Bulldoug Rue Rambutau 2eme (between Blvd Sebastepol and rue des Temple (just east of the
Centre Pompedeu)
This charming and elegant café/bistro has consistly good service and food. Pre-Fixe around 30€ not
including wine

Les Petits Marseillais 72 r Vieille du Temple 3eme 01 42 78 91 59
This is always packed for the vaguely provencal inspired cuisine and charming ownership. 20-30€
euros

Restaurant Georges
Run by the Costes, this great space on top of the Centre Pompideu is wonderful if the weather is clear
and you can sit outside. I prefer late afternoon cocktails or champagne to dinner. If you snack, try the
“Le Tigre qui pleure” (Crying Tiger) its an Asian dish that’s delicious.

Café Marlys Musee du Louvre 1er
Also a Costes run restaurant this one is in the Louvre. I like to have a glass of champagne and the
crab/avocado timbale. It’s a great afternoon snack.

Le Restaurant - Maison de l’Amerique Latine 217, Blvd St Germaine 7eme. 01.49.54.75.10
If you are in Paris when the weather is warm enough to eat outdoors, you must try the dining room at
the “Maison de l’Amerique Latine”. It’s in the 6eme in an enormous Hotel Particular with a terrace
opening onto the gardens. It’s truly a hidden gem. You must call for reservations and confirm that the
terrasse is open. Its France, their idea of warm weather and ours is different and the terrasse is open less
than one would think.

Aux Trois Petits Cochons 31, rue Tiquetonne 2eme 01 42 33 39 69
Just off the hip and bustling rue Montorgeuil just north of Les Halles this is a fairly consistent
performer. Pre-Fixe of 27€ without wine.

Little Italy Cafe - 92 r Montorgueil 2eme and Trattoria - 13 r Rambuteau 4eme
If you want a break from French food, there are two locations for this outstanding casual Italian. There
is one on Montorgueil itself in the 2eme and another smaller and less noisy on Rue Rambeautau. More
like eating inside a charming Italian grocer. No reservations and expect to wait during peak hours, but
its worth it.

L’Ostrea 4, rue Sauval 75001 01.40.26.04.93
For good fish in a casual setting, I like this one just near Les Halles in the first. If you expect excellent
service, you won’t like it. It’s just a couple of grumpy old men running the place. One cooks and the
other serves. They make a mean Marseillais style fish soup when it’s in season. Not very expensive.
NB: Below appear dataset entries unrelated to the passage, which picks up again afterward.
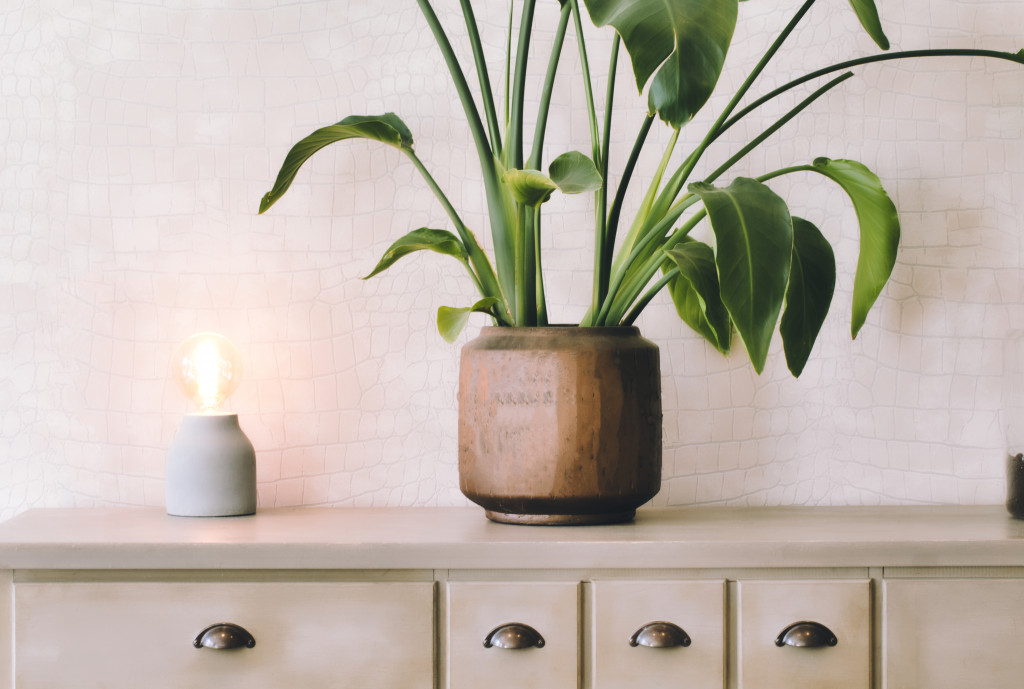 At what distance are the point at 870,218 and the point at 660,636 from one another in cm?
60

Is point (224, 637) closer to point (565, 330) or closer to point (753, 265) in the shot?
point (565, 330)

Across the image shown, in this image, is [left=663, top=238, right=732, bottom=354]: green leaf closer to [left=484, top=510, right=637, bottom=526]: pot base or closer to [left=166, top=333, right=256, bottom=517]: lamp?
[left=484, top=510, right=637, bottom=526]: pot base

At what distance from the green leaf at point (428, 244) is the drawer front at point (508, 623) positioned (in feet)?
1.36

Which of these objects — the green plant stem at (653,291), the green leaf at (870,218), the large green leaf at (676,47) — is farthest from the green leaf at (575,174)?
the green leaf at (870,218)

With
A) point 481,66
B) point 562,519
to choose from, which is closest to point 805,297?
point 562,519

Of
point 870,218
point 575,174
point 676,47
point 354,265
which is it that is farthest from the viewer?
point 354,265

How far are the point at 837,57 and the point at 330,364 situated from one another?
0.91 meters

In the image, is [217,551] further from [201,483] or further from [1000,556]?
[1000,556]

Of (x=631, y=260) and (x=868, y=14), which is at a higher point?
(x=868, y=14)

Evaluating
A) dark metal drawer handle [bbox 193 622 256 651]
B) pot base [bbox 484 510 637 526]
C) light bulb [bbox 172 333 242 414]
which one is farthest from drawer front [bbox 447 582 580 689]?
light bulb [bbox 172 333 242 414]

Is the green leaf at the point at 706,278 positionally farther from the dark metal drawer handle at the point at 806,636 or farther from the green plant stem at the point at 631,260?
the dark metal drawer handle at the point at 806,636

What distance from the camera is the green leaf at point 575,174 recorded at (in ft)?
2.99

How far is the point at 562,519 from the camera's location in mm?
1051

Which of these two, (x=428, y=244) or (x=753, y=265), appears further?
(x=428, y=244) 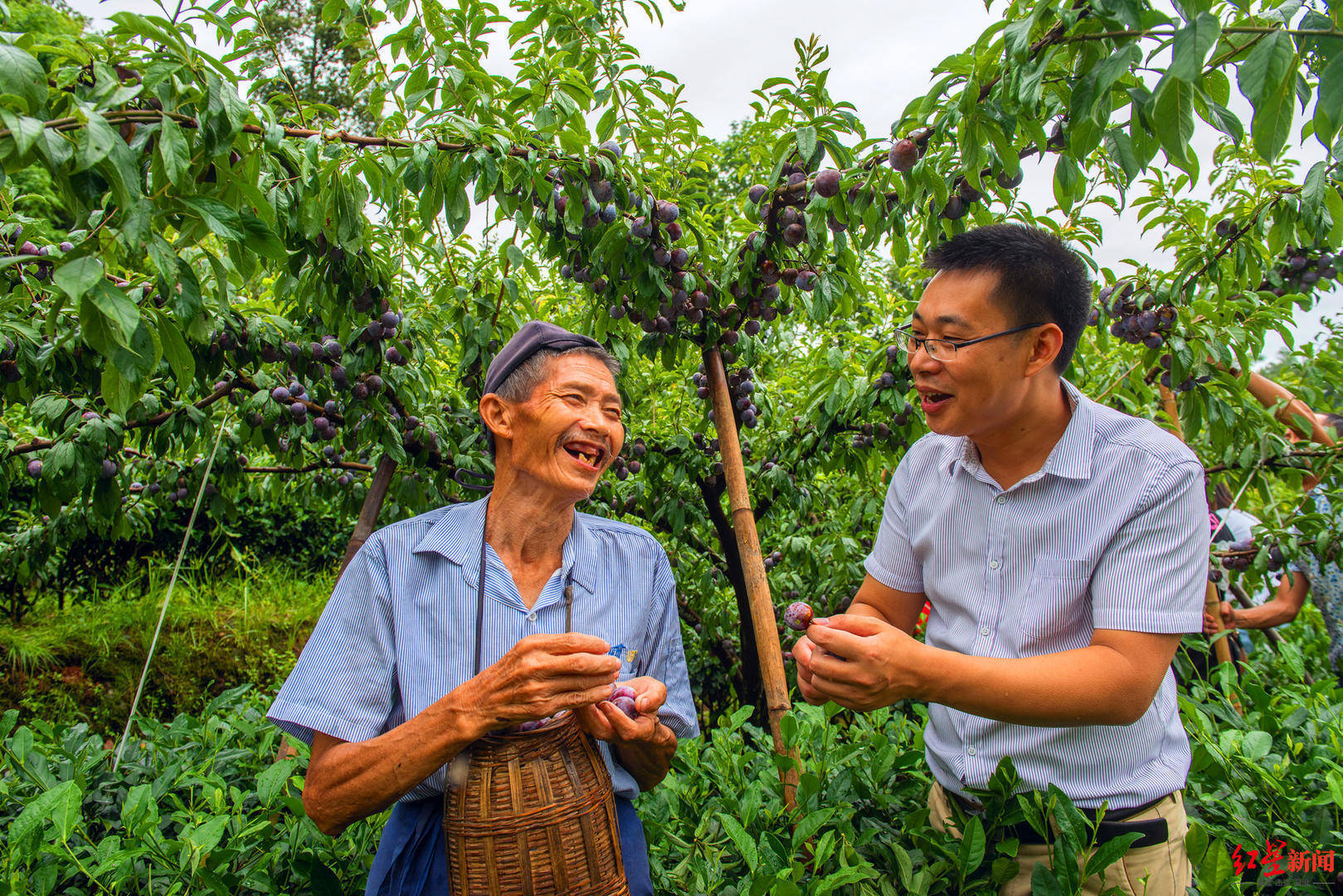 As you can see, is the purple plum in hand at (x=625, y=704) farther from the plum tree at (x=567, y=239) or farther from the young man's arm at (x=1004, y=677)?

Le Belier 13, rue des Beaux-Arts, 75006 01.44.41.99.01
If you want to have coffee or a drink while you are antique hunting in the 6th and 7th, then le Belier
can’t be beat. Its just a block from the L’ecole de Beaux Arts and is in the restored Hotel where Oscar
Wilde passed away. L’Hotel. Its was decorated by Jacques Garcia in his typical Empire style and it’s a
delightful example of his work. Also open for lunch and dinner but have never been for a meal so can’t
recommend.

Le clos des Gourmets 16, Avenue Rapp 75007 01.45.51.75.61
This is a charming place for a terrific classic French pre-fixe meal for 35€ per person without wine. I
never liked the décor, it seems like the breakfast room in an English hotel, but the food is always
wonderful and an excellent value. You must make reservations a couple of days in advance. After
dinner, take a stroll up Avenue Rapp and after a block or so stop at the corner and look to your right.
You’ll see the Tour Eiffel looming above you. A little further up on the opposite side of the street at
number 29 is one of the greatest Art Nouveau buildings in Paris with a magnificent entry door.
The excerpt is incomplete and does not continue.